Republican presidential nominee Mitt Romney says he would sell off the remaining U.S. shares in GM, which the Obama administration has held for more than three years. Taxpayers still own 26% of GM. If the U.S. Treasury sold its remaining stake at GM's current share price, it would amount to a $16 billion loss on the $49.5 billion bailout. "The president is delaying the sale of the shares to try and avoid the story that the taxpayer took another loss," Romney told the Detroit News. He also added that the government's corporate average fuel economy (CAFE) program, which will nearly double fuel-economy standards to 54.5 mpg (translating into the high 30s for window-sticker EPA figures), has the government pushing too many cars that the market doesn't want, such as electric vehicles.
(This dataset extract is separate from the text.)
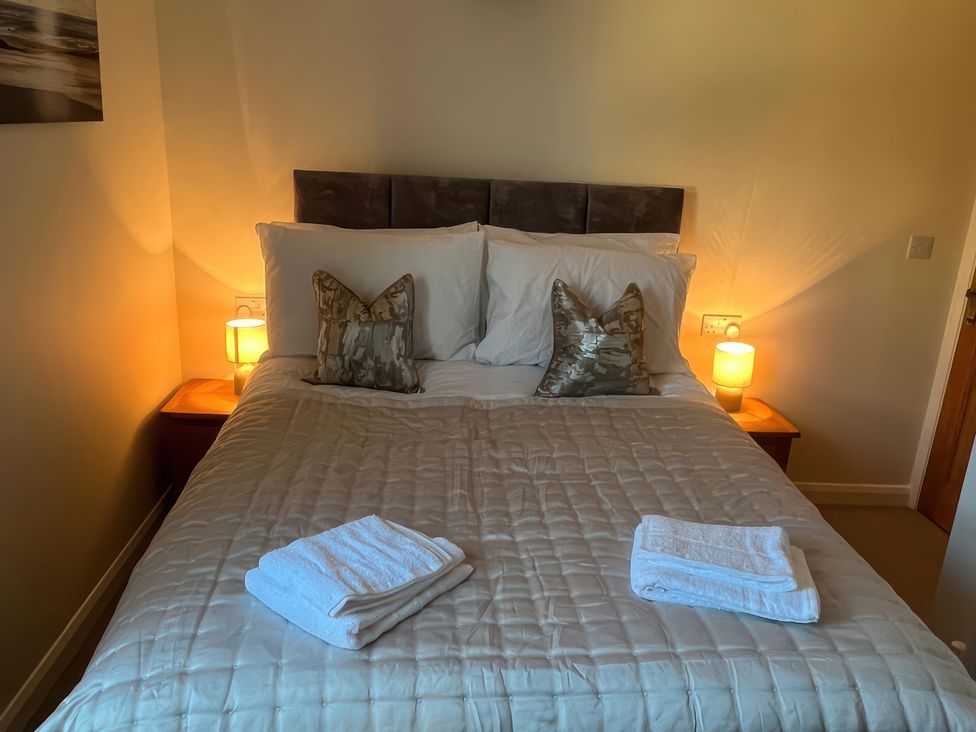 A bedroom with a bed and towels at Sun House in Allonby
The Obama campaign fired back, saying Romney is "the last person who should be offering advice" about Detroit automakers. Romney wanted GM and Chrysler to finance their 2009 bankruptcies with minimal federal support, but opponents contend that at the time, no major private lender would offer terms.
In other news:
- With a wave of redesigns on its popular cars, Nissan hopes to reach 10% of the U.S. new-car market by 2016, the Detroit Free Press reports. Through the first five months of this year, the automaker, including its Infiniti luxury division, has 8.1% of the market.
- Elsewhere, Nissan hired Audi of America chief Johan de Nysschen to run Infiniti worldwide, Automotive News reports. In a nod toward the brand's growing presence in China, Nissan moved the luxury brand's global headquarters to Hong Kong last month.